• Formal examination (LOs 1-5)

• Blackboard
• Unconfirmed practical marks when available
• Exam Papers, past 2 years (where applicable)

The aims of this module are:

• to develop an understanding of the subtleties of concurrent and mobile systems' behaviours;
• to develop an understanding of the formal semantics of process algebras;
• to develop the ability to construct models of simple systems in these calculi, and where appropriate to use software tools to investigate their properties;
• to develop the ability to reason about system behaviour using process algebras and related logics.

• appreciate the fundamental techniques and principles needed to formally specify languages for concurrency;
• understand the mathematical theory underlying process calculus and be able to apply it to concrete examples;
• be able to construct concurrent specifications from requirements, to refine them using algebraic techniques, and to apply these skills to problems drawn from a number of different fields;
• analyse the scope and limits of algebraic techniques in concurrency;
• have developed their ability to critically evaluate their work and to discuss it coherently with others; and have expanded their capacity to model, reason about and evaluate complex systems.

1. INTRODUCTION
Sequential vs concurrent systems; real vs interleaving concurrency; mobile systems.

2. BASIC PROCESS ALGEBRA

• Using simple equations to represent complex systems; synchronisation and non-determinism; structured operational semantics; flow diagrams and transition diagrams; simulation and bisimulation; the importance of hidden internal actions.
• Detailed examples: modelling a conversation; modelling an n-place buffer.
• Modal logics, model checkers and workbenches: using software to reason about concurrent systems.

3. INTERLUDE: Other approaches

• CCS, CSP, Petri nets, Mazurkiewicz traces; P systems and other bio-inspired models.

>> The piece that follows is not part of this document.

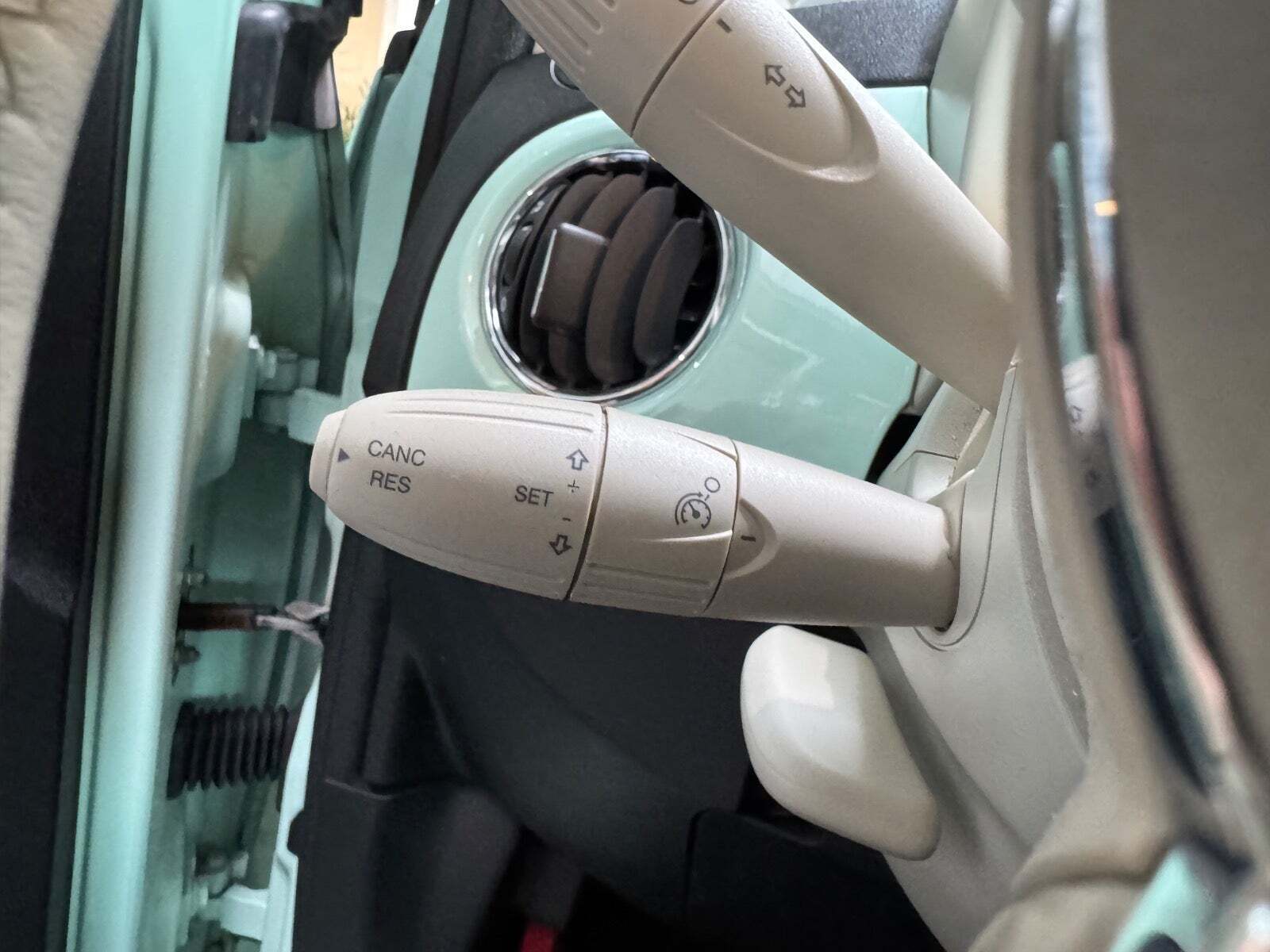 Grøn Fiat 500 fra 2018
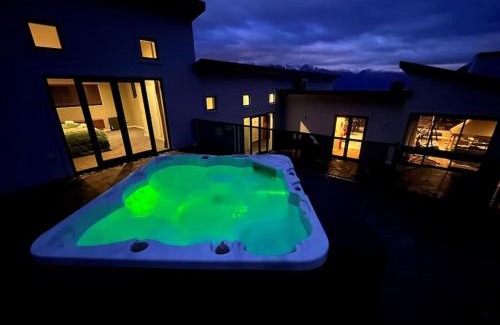 Fernhill House | Luxury On Wynyard 4 Bedrooms Stunning Views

4. THEORY OF COMMUNICATING PROCESSES

• Adding mobility to; transition rules; replication vs recursion; scope extrusion; process equivalence.
• Optional: The computational power of pi-calculus: representing data types and functions as pi-calculus processes.
• Optional: Variations on a theme: stochastic pi, security and ambients, modelling the flow of encrypted data.

5. DETAILED CASE STUDY
A case study illustrating the techniques used in modelling real-world situations.